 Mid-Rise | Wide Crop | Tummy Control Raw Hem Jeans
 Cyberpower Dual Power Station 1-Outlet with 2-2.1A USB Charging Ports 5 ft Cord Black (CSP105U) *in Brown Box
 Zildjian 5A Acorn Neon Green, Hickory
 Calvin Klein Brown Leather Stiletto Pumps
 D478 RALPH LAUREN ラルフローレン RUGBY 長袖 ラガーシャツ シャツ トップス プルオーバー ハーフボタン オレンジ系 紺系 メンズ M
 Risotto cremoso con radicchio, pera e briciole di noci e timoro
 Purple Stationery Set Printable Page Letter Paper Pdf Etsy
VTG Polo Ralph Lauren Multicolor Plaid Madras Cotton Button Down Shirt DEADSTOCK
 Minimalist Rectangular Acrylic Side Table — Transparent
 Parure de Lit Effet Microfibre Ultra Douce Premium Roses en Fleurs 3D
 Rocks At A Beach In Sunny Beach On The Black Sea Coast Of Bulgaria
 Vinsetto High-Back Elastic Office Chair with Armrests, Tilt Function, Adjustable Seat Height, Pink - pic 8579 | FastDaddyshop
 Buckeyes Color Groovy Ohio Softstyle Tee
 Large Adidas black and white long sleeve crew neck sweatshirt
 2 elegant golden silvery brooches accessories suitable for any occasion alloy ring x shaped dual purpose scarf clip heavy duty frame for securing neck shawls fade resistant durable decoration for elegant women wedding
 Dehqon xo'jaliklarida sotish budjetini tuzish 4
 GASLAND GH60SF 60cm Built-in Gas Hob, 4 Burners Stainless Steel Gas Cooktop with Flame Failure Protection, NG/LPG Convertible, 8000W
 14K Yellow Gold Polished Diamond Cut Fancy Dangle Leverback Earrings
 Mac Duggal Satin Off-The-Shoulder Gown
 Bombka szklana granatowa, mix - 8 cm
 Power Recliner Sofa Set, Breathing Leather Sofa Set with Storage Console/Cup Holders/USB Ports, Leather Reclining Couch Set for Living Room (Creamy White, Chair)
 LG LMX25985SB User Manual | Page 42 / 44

## TASK TO CARRY OUT:
All the entries should be output exactly as given.

## EXERCISE RESPONSE:
 Mid-Rise | Wide Crop | Tummy Control Raw Hem Jeans
 Cyberpower Dual Power Station 1-Outlet with 2-2.1A USB Charging Ports 5 ft Cord Black (CSP105U) *in Brown Box
 Zildjian 5A Acorn Neon Green, Hickory
 Calvin Klein Brown Leather Stiletto Pumps
 D478 RALPH LAUREN ラルフローレン RUGBY 長袖 ラガーシャツ シャツ トップス プルオーバー ハーフボタン オレンジ系 紺系 メンズ M
 Risotto cremoso con radicchio, pera e briciole di noci e timoro
 Purple Stationery Set Printable Page Letter Paper Pdf Etsy
VTG Polo Ralph Lauren Multicolor Plaid Madras Cotton Button Down Shirt DEADSTOCK
 Minimalist Rectangular Acrylic Side Table — Transparent
 Parure de Lit Effet Microfibre Ultra Douce Premium Roses en Fleurs 3D
 Rocks At A Beach In Sunny Beach On The Black Sea Coast Of Bulgaria
 Vinsetto High-Back Elastic Office Chair with Armrests, Tilt Function, Adjustable Seat Height, Pink - pic 8579 | FastDaddyshop
 Buckeyes Color Groovy Ohio Softstyle Tee
 Large Adidas black and white long sleeve crew neck sweatshirt
 2 elegant golden silvery brooches accessories suitable for any occasion alloy ring x shaped dual purpose scarf clip heavy duty frame for securing neck shawls fade resistant durable decoration for elegant women wedding
 Dehqon xo'jaliklarida sotish budjetini tuzish 4
 GASLAND GH60SF 60cm Built-in Gas Hob, 4 Burners Stainless Steel Gas Cooktop with Flame Failure Protection, NG/LPG Convertible, 8000W
 14K Yellow Gold Polished Diamond Cut Fancy Dangle Leverback Earrings
 Mac Duggal Satin Off-The-Shoulder Gown
 Bombka szklana granatowa, mix - 8 cm
 Power Recliner Sofa Set, Breathing Leather Sofa Set with Storage Console/Cup Holders/USB Ports, Leather Reclining Couch Set for Living Room (Creamy White, Chair)
 LG LMX25985SB User Manual | Page 42 / 44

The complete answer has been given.